Tag Archives: Southern food and drink

Big Bad Chef

In January 2006, four and a half months after the disaster in the aftermath of Katrina, I drove to New Orleans to join a crew of volunteers assembled by the Southern Foodways Alliance (www.southernfoodways.org) to work on the resurrection of Willie Mae’s Scotch House in Treme. Willie Mae’s is a neighborhood place in New Orleans that was designated an “America’s Classic” by the James Beard Foundation in 2005, less than four months before the storm. Willie Mae Seaton’s fried chicken is often declared the best anywhere (www.williemaesnola.com). Willie Mae passed away but her legacy is carried on by her great-granddaughter, Kerry Seaton Stewart.

When I got to my hotel after an eight-hour drive, there was no room available. I produced a print-out of my reservation and confirmation number but the little French Quarter hotel – a place I had stayed at and enjoyed in the past – was full of construction workers who were working on the larger reconstruction efforts around the city. The desk clerk called a couple of places and declared there were no rooms in the area to be had at short notice. I was too tired to argue.

I blame myself. When I made the reservation in December, the staff Christmas party was going on in the background so maybe – confirmation or not – my reservation was lost in their revelry.

Despondent, I emailed my regrets to the SFA folks and drove back to Alabama that same night.

If I had figured out a way to stay and work, I would have been working with Chef John Currence, who headed up the Willie Mae’s restoration.


Currence, a New Orleans native who made his culinary mark in Oxford, Mississippi, may be as well-known for his philanthropy as he is for his restaurant brand. City Grocery, his flagship restaurant on the Square in Oxford, is a fine dining restaurant with a famously rowdy upstairs bar. Snackbar and Boure are other Currence ventures in Oxford along with Big Bad Breakfast. Big Bad Breakfast also has locations in Alabama and Florida (www.citygroceryonline.com).

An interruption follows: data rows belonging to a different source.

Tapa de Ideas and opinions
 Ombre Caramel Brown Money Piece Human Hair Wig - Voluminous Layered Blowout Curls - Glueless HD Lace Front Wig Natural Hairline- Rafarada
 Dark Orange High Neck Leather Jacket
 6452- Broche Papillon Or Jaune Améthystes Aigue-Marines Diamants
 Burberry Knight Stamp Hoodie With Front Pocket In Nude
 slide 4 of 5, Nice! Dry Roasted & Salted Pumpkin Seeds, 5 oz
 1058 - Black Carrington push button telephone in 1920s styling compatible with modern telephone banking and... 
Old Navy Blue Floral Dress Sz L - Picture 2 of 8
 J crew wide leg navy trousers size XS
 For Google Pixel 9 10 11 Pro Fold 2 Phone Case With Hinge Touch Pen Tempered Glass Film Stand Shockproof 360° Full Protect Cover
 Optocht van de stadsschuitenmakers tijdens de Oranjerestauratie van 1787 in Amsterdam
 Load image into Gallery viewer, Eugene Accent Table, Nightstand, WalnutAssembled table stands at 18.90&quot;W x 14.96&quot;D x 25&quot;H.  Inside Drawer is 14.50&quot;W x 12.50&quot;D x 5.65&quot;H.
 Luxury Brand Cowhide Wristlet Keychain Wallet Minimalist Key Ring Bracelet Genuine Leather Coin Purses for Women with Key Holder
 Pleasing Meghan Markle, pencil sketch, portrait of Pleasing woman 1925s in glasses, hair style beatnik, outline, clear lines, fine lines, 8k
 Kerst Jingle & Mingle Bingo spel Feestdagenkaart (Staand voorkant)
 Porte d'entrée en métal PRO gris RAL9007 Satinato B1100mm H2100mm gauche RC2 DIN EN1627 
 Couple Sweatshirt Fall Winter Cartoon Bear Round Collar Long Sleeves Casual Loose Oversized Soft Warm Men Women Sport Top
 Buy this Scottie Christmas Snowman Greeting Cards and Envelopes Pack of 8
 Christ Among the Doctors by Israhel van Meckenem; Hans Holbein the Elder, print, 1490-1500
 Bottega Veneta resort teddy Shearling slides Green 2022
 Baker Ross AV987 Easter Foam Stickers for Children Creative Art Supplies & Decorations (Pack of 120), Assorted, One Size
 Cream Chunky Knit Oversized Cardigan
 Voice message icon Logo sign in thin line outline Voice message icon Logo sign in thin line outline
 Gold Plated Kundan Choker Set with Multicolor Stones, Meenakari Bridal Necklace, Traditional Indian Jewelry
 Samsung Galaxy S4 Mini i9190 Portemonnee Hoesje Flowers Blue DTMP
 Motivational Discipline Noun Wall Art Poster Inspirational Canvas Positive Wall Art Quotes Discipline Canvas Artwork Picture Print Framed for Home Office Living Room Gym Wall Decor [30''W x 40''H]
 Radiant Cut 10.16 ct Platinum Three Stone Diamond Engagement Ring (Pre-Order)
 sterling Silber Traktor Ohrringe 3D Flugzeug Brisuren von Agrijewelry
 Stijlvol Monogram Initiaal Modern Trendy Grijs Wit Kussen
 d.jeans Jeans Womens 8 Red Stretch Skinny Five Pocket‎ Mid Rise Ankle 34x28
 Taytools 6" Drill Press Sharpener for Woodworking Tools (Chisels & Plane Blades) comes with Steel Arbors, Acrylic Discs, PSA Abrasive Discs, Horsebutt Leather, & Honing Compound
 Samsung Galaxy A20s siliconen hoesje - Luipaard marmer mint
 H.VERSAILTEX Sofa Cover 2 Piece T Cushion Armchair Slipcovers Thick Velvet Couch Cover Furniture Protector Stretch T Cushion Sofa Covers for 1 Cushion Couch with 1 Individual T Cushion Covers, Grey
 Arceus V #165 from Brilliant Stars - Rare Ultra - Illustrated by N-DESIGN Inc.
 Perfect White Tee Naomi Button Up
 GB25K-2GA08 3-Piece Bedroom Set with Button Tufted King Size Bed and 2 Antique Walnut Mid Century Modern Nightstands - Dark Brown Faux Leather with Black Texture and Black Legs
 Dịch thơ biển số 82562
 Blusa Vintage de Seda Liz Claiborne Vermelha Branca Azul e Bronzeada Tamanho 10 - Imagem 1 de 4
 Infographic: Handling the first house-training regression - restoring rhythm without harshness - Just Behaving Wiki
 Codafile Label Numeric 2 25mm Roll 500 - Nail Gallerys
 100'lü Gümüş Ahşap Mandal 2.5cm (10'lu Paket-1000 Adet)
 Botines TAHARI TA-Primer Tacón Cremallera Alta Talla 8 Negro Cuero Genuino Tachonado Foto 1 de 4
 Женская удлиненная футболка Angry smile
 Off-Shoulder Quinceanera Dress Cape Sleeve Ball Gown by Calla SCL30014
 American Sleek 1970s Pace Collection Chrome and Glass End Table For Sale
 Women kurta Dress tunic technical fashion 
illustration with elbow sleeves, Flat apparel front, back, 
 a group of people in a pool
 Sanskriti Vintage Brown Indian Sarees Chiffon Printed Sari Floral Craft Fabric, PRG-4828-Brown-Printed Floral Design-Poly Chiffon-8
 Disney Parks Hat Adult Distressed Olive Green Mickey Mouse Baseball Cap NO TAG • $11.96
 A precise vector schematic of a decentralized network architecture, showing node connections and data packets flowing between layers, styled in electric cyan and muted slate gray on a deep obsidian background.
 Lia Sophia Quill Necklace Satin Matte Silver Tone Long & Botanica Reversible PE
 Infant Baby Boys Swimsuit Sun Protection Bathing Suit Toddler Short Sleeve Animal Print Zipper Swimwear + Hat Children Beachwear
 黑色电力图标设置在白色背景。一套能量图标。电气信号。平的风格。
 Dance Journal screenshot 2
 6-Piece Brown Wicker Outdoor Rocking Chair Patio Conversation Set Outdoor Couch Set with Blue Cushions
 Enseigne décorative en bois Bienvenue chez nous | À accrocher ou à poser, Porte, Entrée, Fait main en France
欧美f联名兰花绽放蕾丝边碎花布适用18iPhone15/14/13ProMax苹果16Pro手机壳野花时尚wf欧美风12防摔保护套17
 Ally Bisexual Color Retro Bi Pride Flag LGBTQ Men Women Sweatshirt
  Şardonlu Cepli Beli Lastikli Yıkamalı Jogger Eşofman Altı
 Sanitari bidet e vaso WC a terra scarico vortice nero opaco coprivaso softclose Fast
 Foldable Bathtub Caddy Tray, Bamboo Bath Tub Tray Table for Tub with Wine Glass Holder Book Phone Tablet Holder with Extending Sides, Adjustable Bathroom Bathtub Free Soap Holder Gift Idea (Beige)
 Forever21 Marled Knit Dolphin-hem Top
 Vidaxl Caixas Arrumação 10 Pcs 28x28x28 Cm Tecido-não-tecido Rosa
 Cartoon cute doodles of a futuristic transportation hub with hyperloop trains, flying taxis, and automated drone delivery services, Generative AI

I’ve had a couple of great meals at City Grocery and was thrilled when it was announced that John Currence would be the guest chef for the August Friends of the Café event at Alabama Chanin’s Florence factory. He had been on my wish list of possible chefs for the series.

The Friends of the Café series of chefs and dinners is always announced in advance (www.alabamachanin.com). However, the August chef is kept secret until a few weeks before the event. This dinner always happens on the Thursday night before the opening of Billy Reid’s weekend-long “Shindig” the next day. I was happy when Currence was announced in July.

Currence’s dishes for the evening were paired with wines selected by Eric Solomon, a champion importer of French and Spanish wines through his European Cellars distributors in Charlotte. Solomon’s passion came through in his presentations and descriptions throughout the evening (www.europeancellars.com).

Passed hors d’oeuvres included a chicken liver pate with pickled egg mimosa on grilled bread. The hearty second pass-around was kheema pao, an Indian street food stalwart, with spiced lamb, soft scramble, cilantro chutney, and slivered serrano peppers served on a hefty sweet roll.

As the diners were seated, a first course of sweet corn soup with marinated blue crab arrived at the table. The course that followed was grilled summer vegetables served with spiced yogurt, smoked almonds, sweet onion, and a lemon vinegar. At the end of the night, Chef Currence touchingly revealed that the vinegar we were served was made from champagne that had been part of his mother’s cellar.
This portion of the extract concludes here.